What is needed:
Through to the final line, write out the records below exactly, omitting any images they contain.

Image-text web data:
□ □ □ □ □ □ □
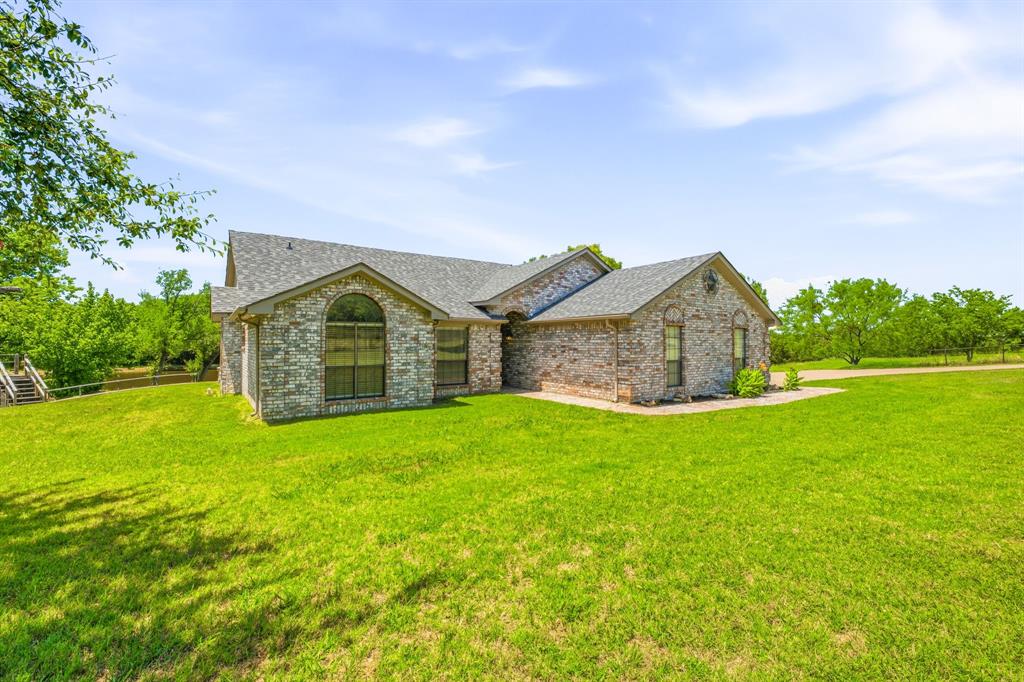 5500 Friendship Road Tolar, TX 76476 - Photo 6 of 40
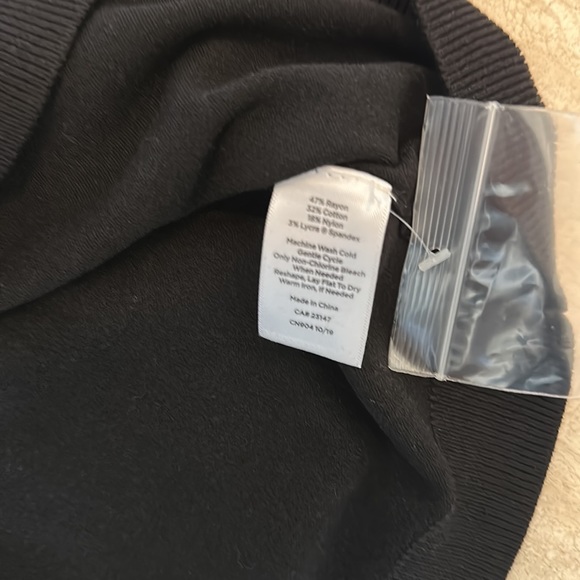 NWT Talbot’s black sweater - Picture 6 of 8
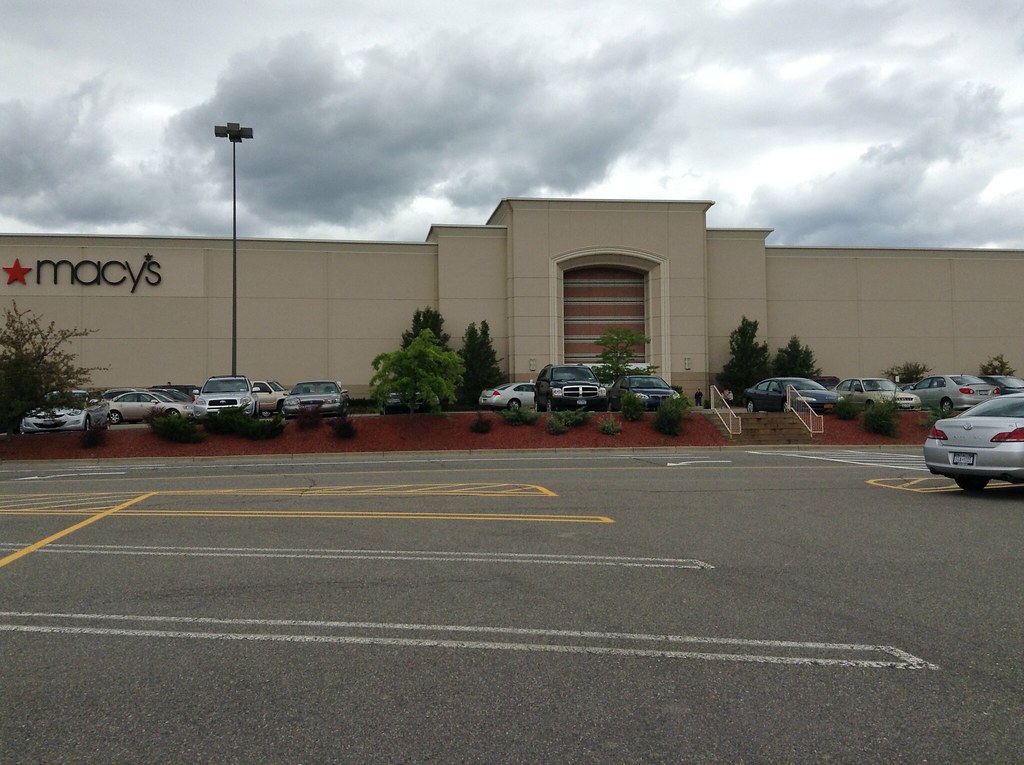 Macy's Oakdale Mall. Johnson City, New York 2013. drpep Flickr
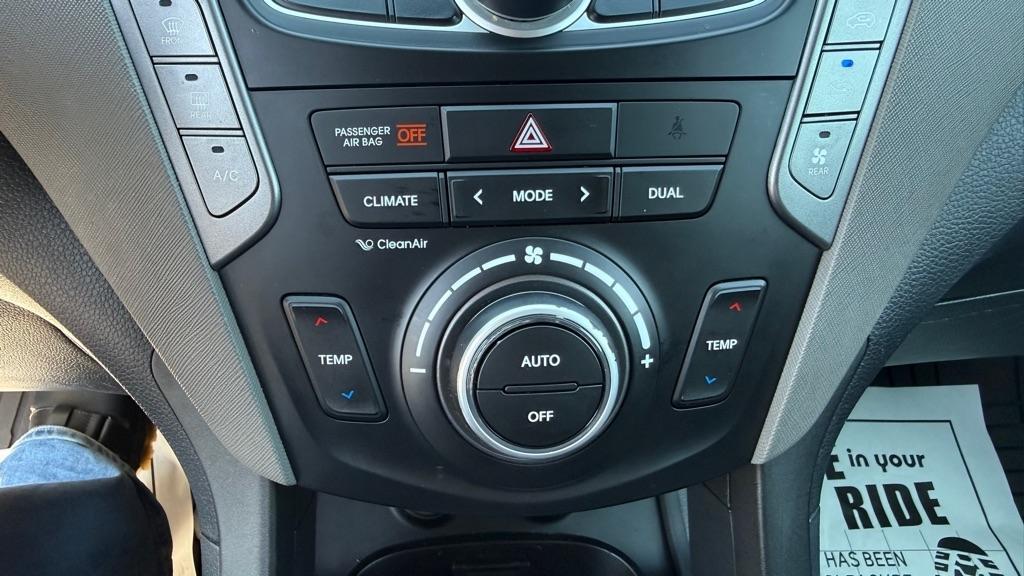2015 Hyundai Santa Fe Limited - Photo 33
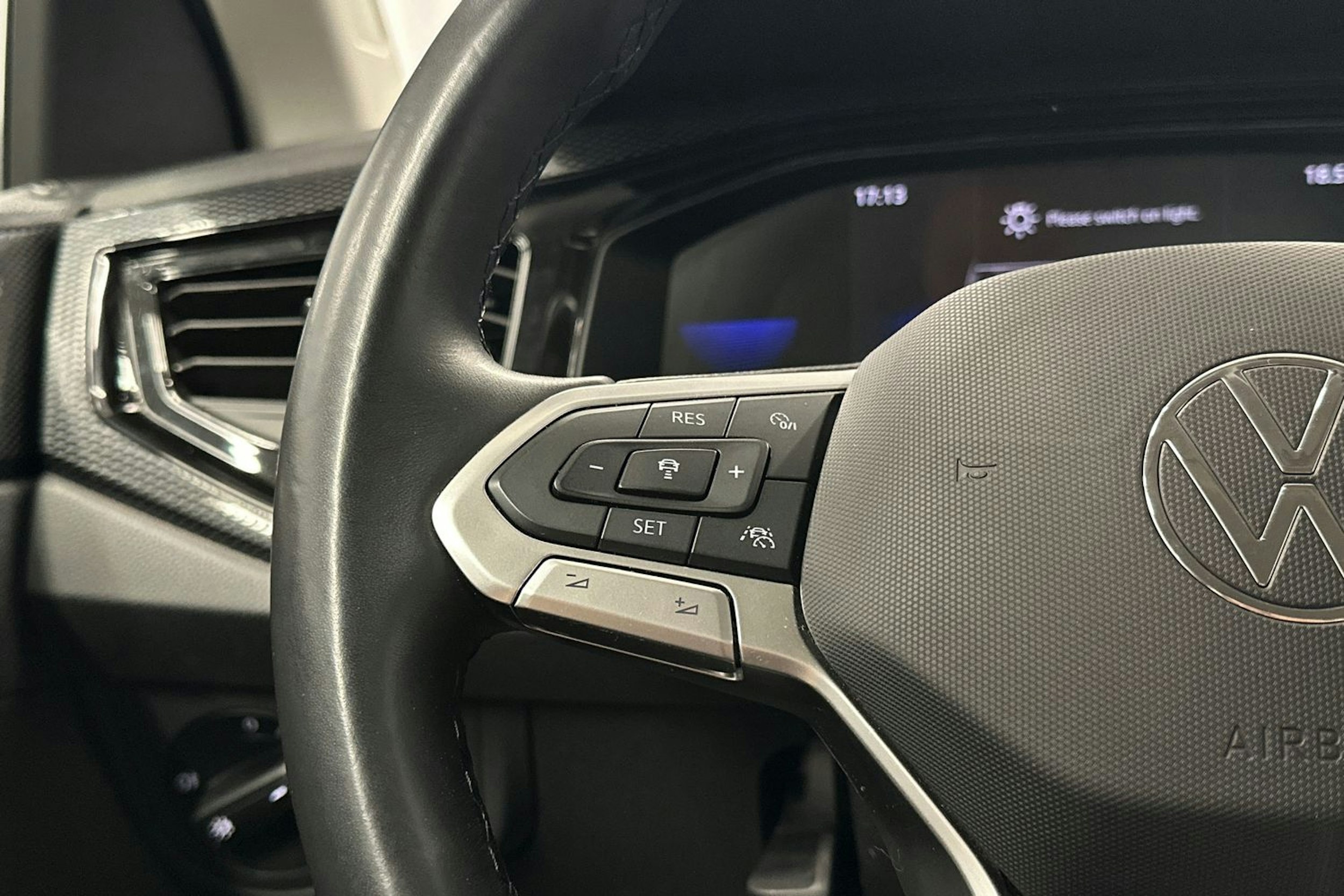 harmaa Volkswagen Taigo 2023 kuva 17.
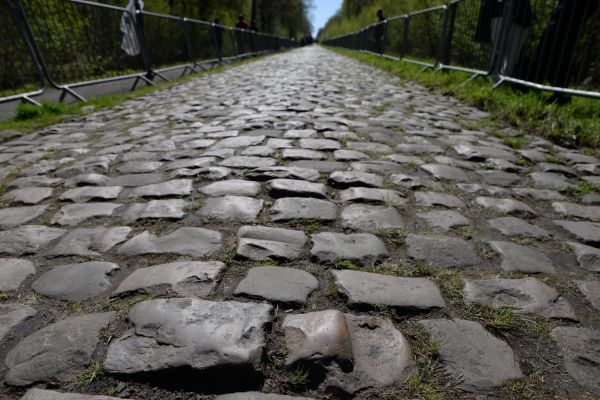 Cobblestone Installation in Lynnwood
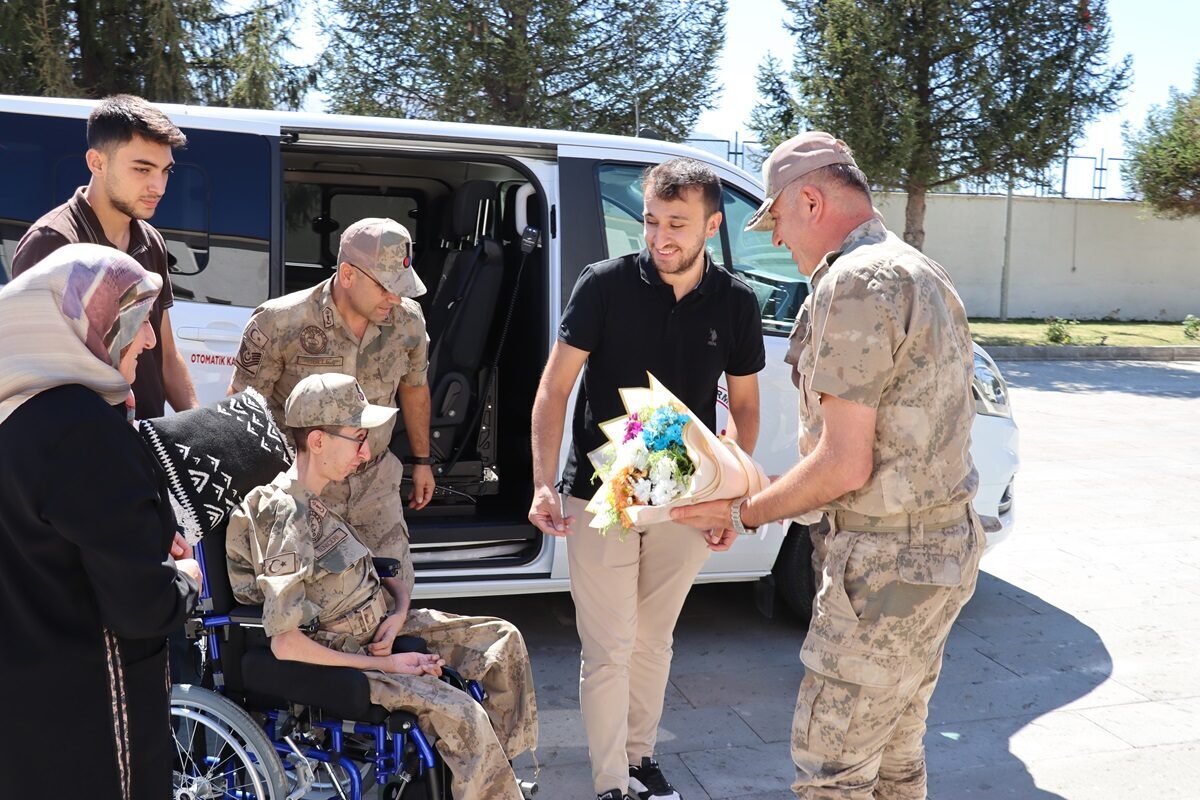 Erzincan İl Jandarma Komutanlığında, bir engelli gencin askeri üniforma giyme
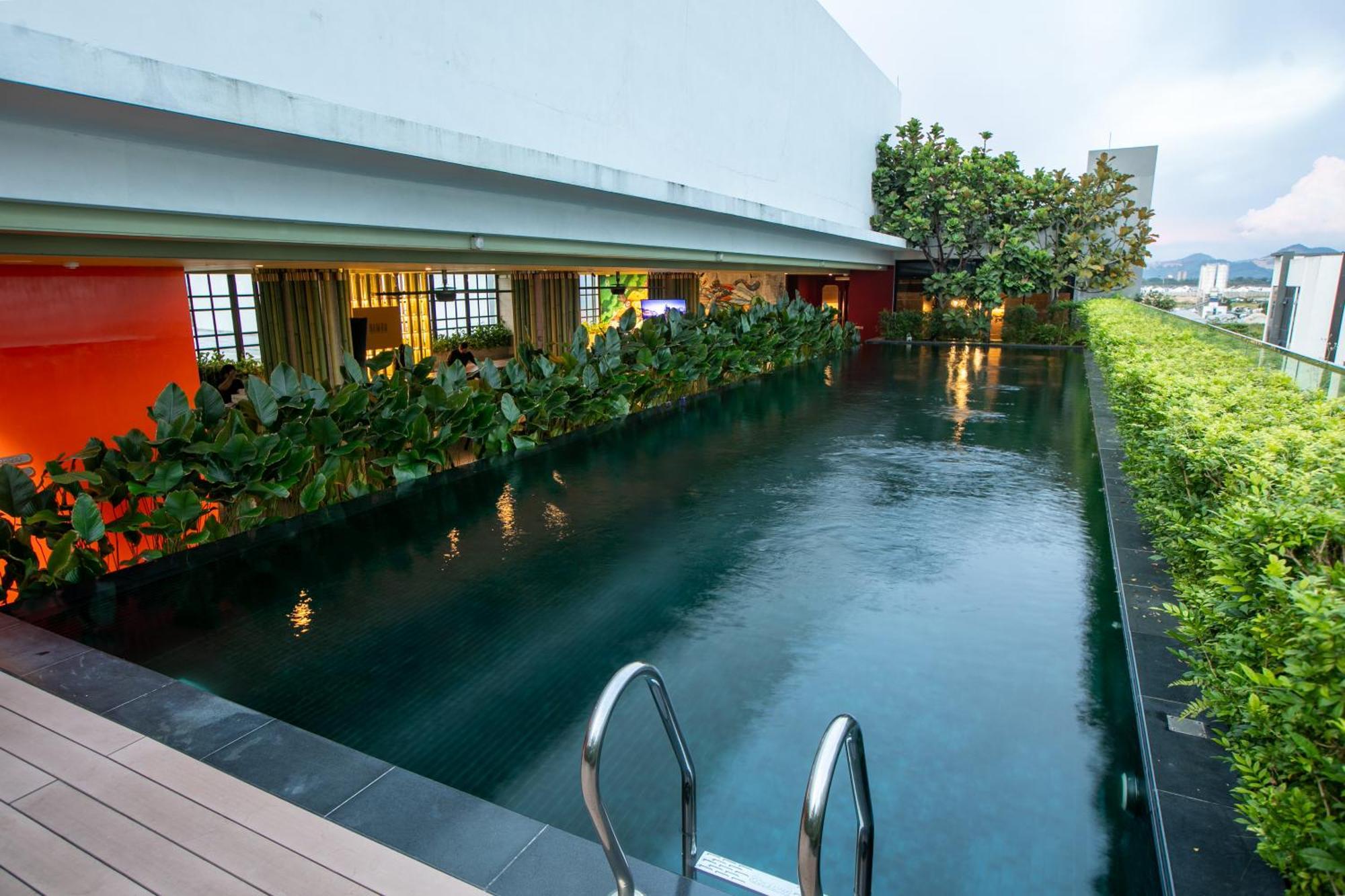 The Upper House, Batu Kawan Hotel Simpang Ampat  Ngoại thất bức ảnh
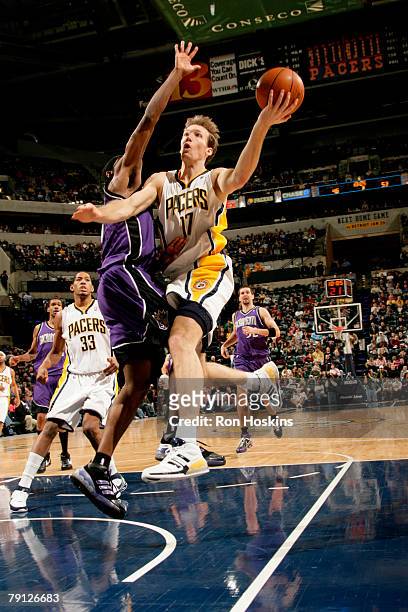 Mike Dunleavy of the Indiana Pacers drives to the basket against the Sacramento Kings at Conseco Fieldhouse on January 19, 2008 in Indianapolis,...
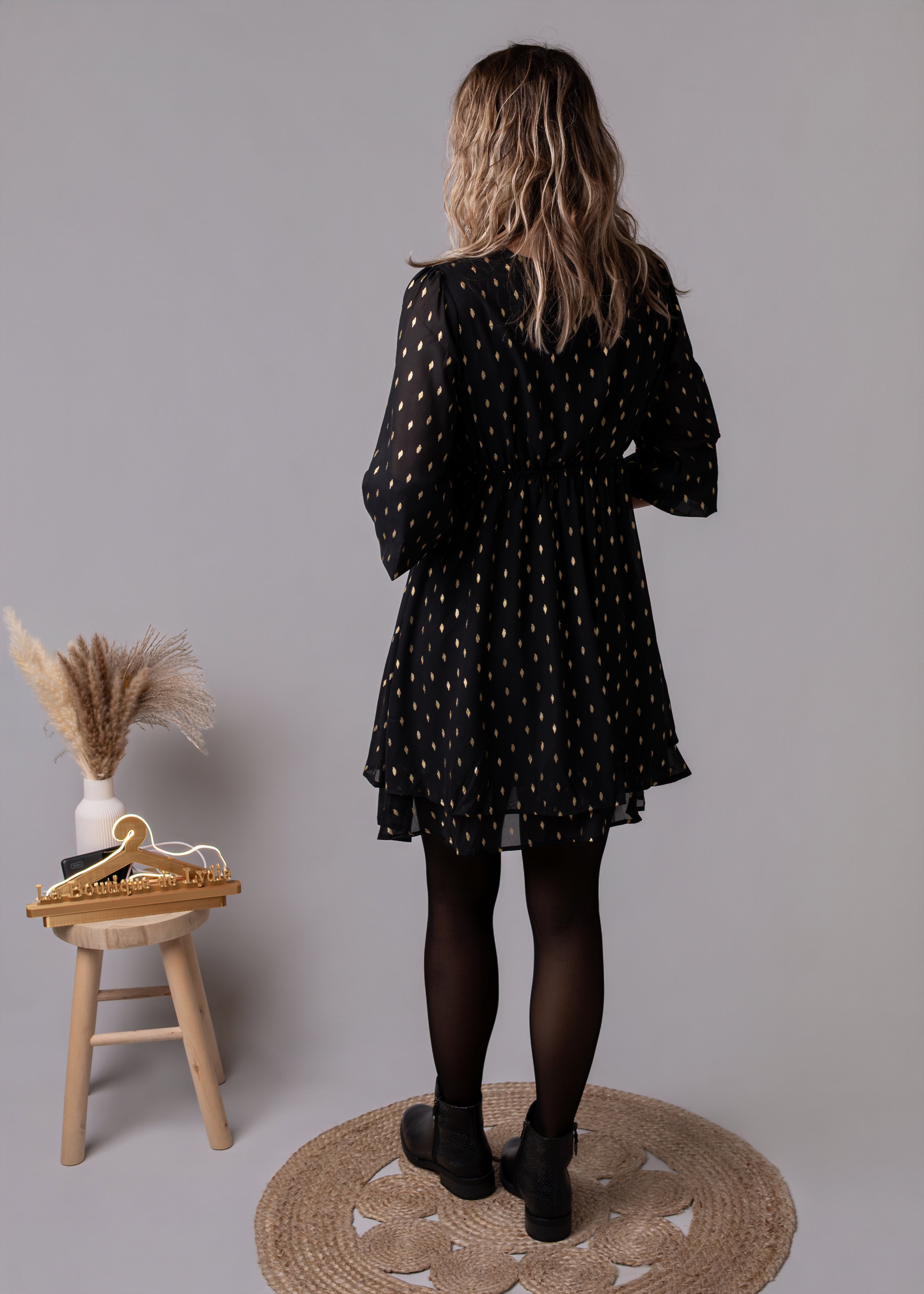 Robe courte noire motifs dorés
□ □ □ □ □ □ □
Response:
 5500 Friendship Road Tolar, TX 76476 - Photo 6 of 40
 NWT Talbot’s black sweater - Picture 6 of 8
 Macy's Oakdale Mall. Johnson City, New York 2013. drpep Flickr
2015 Hyundai Santa Fe Limited - Photo 33
 harmaa Volkswagen Taigo 2023 kuva 17.
 Cobblestone Installation in Lynnwood
 Erzincan İl Jandarma Komutanlığında, bir engelli gencin askeri üniforma giyme
 The Upper House, Batu Kawan Hotel Simpang Ampat  Ngoại thất bức ảnh
 Mike Dunleavy of the Indiana Pacers drives to the basket against the Sacramento Kings at Conseco Fieldhouse on January 19, 2008 in Indianapolis,...
 Robe courte noire motifs dorés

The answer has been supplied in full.